Ashes. Lots of ashes and some nostalgic smell of years past lingered in the crisp twilight, as I slowly stepped over the burnt house. It’s funny how, when something is taken from you, you continue to see what once was there. “The bedroom,” I can’t help but think, “This is the bedroom.” Though now, it was merely charcoal, kicking up some black dust with every step I took, and even the tears on my face left a streak through the dirt I had kicked up scouring through this life that had flattened in flame.
The sun was setting, and as the sky painted itself in colors of embers, I could not help but think that the entire world was aflame, and some sick beauty lingered with me. The black dust had covered my hands, as I had dug into this tattered life. A picture frame untouched by fire told of happier times. An old teddy bear who had survived my constant hold as a child had somehow managed to survive even this. I picked him up, holding him close one more time, and thought about all the years spent among this timber that had been shaped by love and sweat.
I weaved my way into the living room and stared blankly at the fireplace. The hearth remained and had long stood as my favorite spot to thaw out from chilly winters, snowball fights, and the hours I had spent constructing some igloo that would melt the next day. The mantle above it, now gone, had held Christmas stockings for Santa’s arrival, two or three white candles, and the family portrait had towered above. All were gone, though the melted wax served as a reminder that they had been there so recently. I sat on the mantle, whose stone had never known daylight or the brisk breeze that seemed to find its way straight through my ribcage.

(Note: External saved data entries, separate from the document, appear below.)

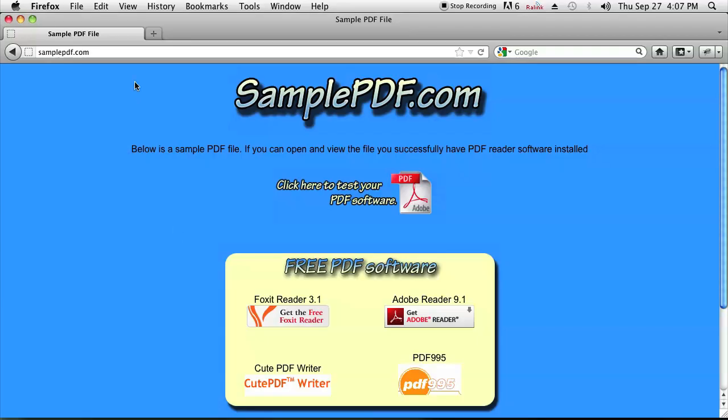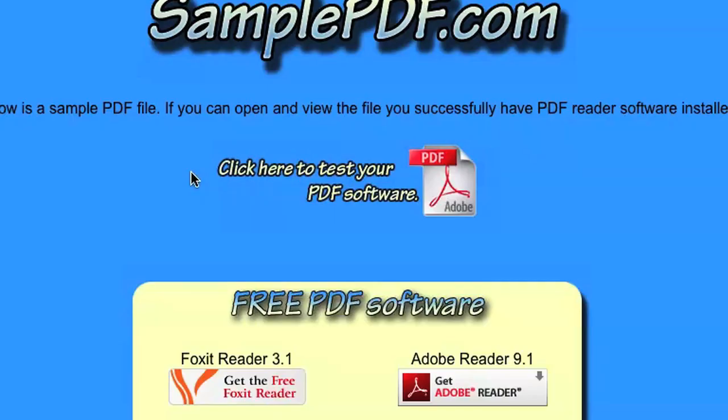There's one simple thing you can do. I have my Firefox opened up to samplepdf.com to illustrate what you need to do. It's a wonderful site that gives you a nice PDF file you can use to test your PDF software. But we don't want to do that — we want to download this file.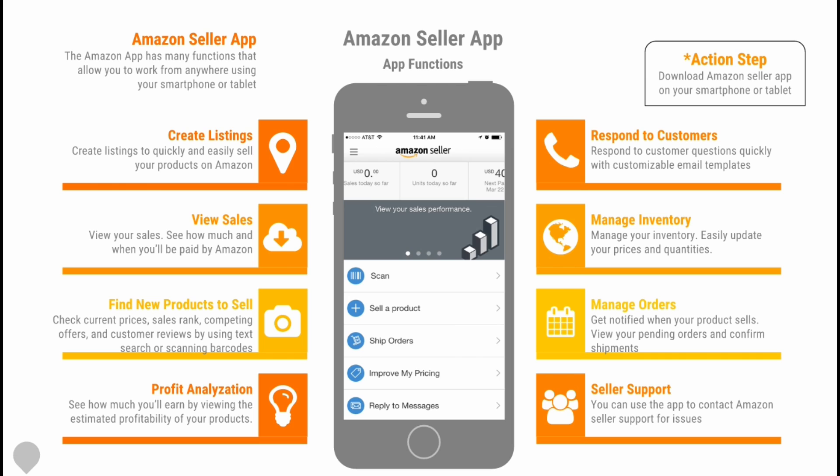You can analyze your profits to see how much you'll earn by viewing the estimated profitability of your products. You also have the ability to respond to customer questions quickly with customizable email templates.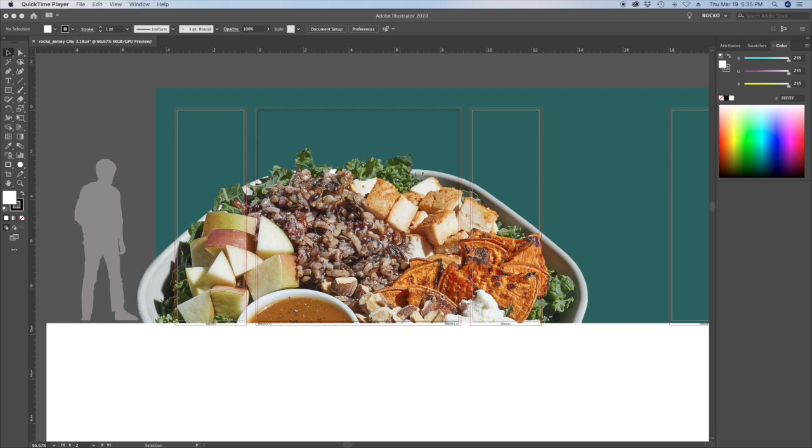So every time you double the size, you cut the resolution in half. There's rules to this. If you have a 300 DPI image and you're at one tenth scale, so you're gonna enlarge it ten times, you're gonna end up with a 30 DPI image. That's obviously less than ideal.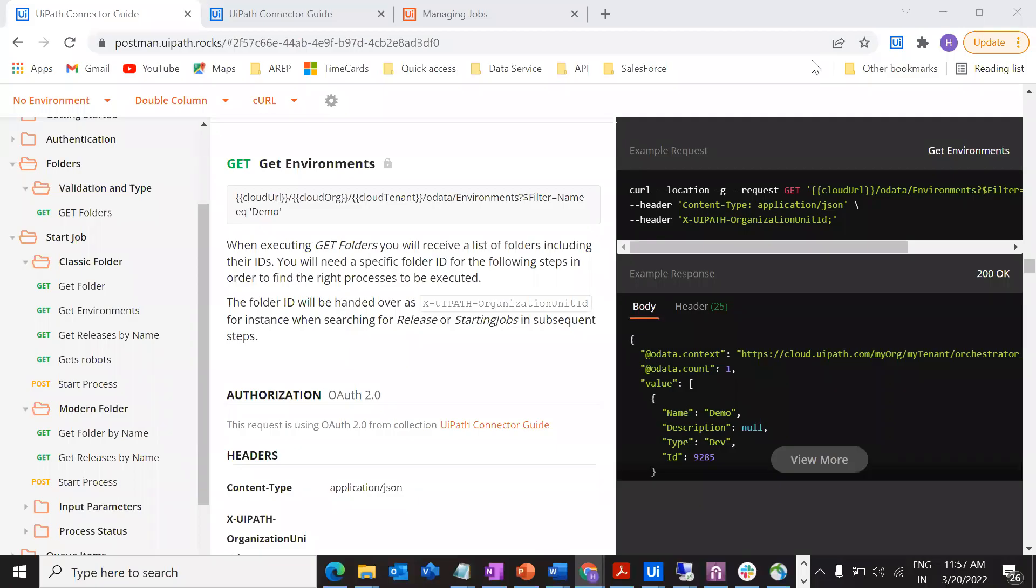Hi everybody, in this video we are going to see how we can get the environment associated with a particular folder, especially with the classic folder. I am going to show how we can do the API calls using Postman. In the previous video we have seen how we can get the folders.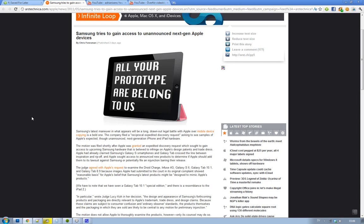So then Samsung filed a new report for Reciprocal Expedited Discovery Request. Basically they want to see Apple's products that they haven't announced yet like the next generation iPhone and iPad. We assume that it's the iPhone 5 and iPad 2 that they want to look at, the hardware and the design.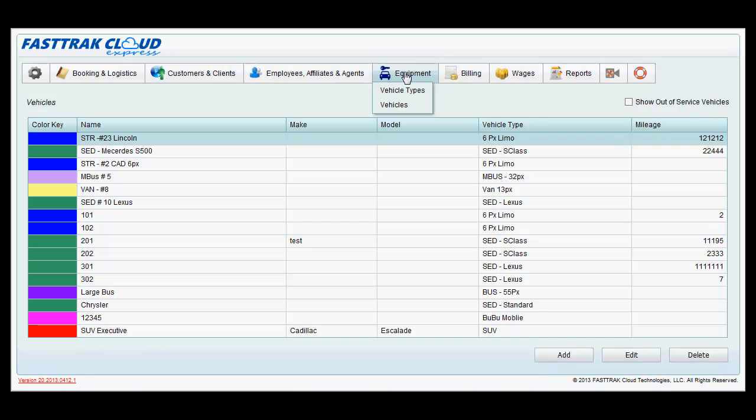Remember, this is the first section that should be set up when setting up FastTrack for your usage. Pricing is derived off the vehicle types, as well as all employee pay. That is why it is important. Thank you.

Not all of the memories were good, though. Voices of the past swerved through my mind, and I heard with them our fights, the yelling and carrying on that had persisted among these walls that were now rubble. In the midst of such sick beauty, I could not help but find some peace in this terrible end – that, despite its pain, evoked a new beginning. I wept. I wept for the past and for the future; for the old house I had loved and everything in it I had hated; for the rubble; for the peace I had needed for so long. I wept until a voice, much sweeter than those that seemed to engulf my mind, quietly called to me. I looked up from the hearth and once again was filled with warmth.

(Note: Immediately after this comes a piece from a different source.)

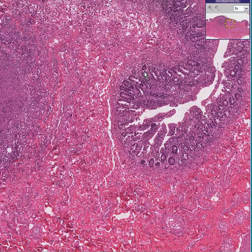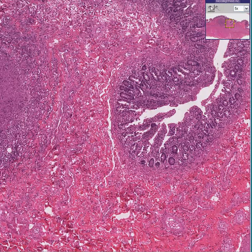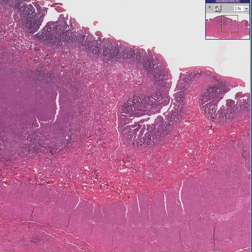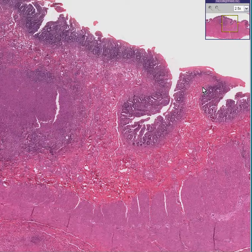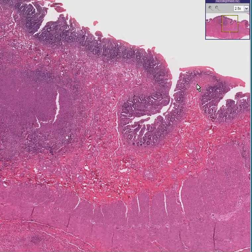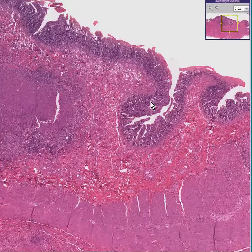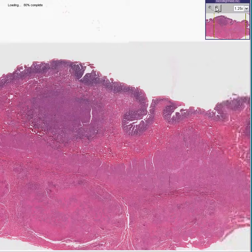So you know it's a stomach. These little submucosal infoldings would be rugae, rather than plicae if it was the small bowel, or haustra if it was the colon.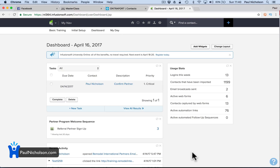Hi guys, Paul here. I'm going to give you a quick demo of Infusionsoft. I've just started using it and it is really cool.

Her presence was enough. She carried herself with radiance and spoke little, nodding and helping me up just to give me that much-needed hug. She had come ready, wearing gloves to dig through the rubble. I stood there in awe, stepping back into some pensive arrest. Sometimes, I look back on my life, and I don’t quite know where it’s been or how it got there. Standing there looking into those blue eyes across from me, though, I was lost and enchanted in some place I would happily lose myself any day. The rest of the house around me could have been standing. It could have never been there to begin with. No longer were there places I had once been. This hold she gave took me to places I was ready to go. I smiled, muttered out some soft thanksgiving, and we sat on the hearth together, teasing and giggling over unimportant things – just the way it should be.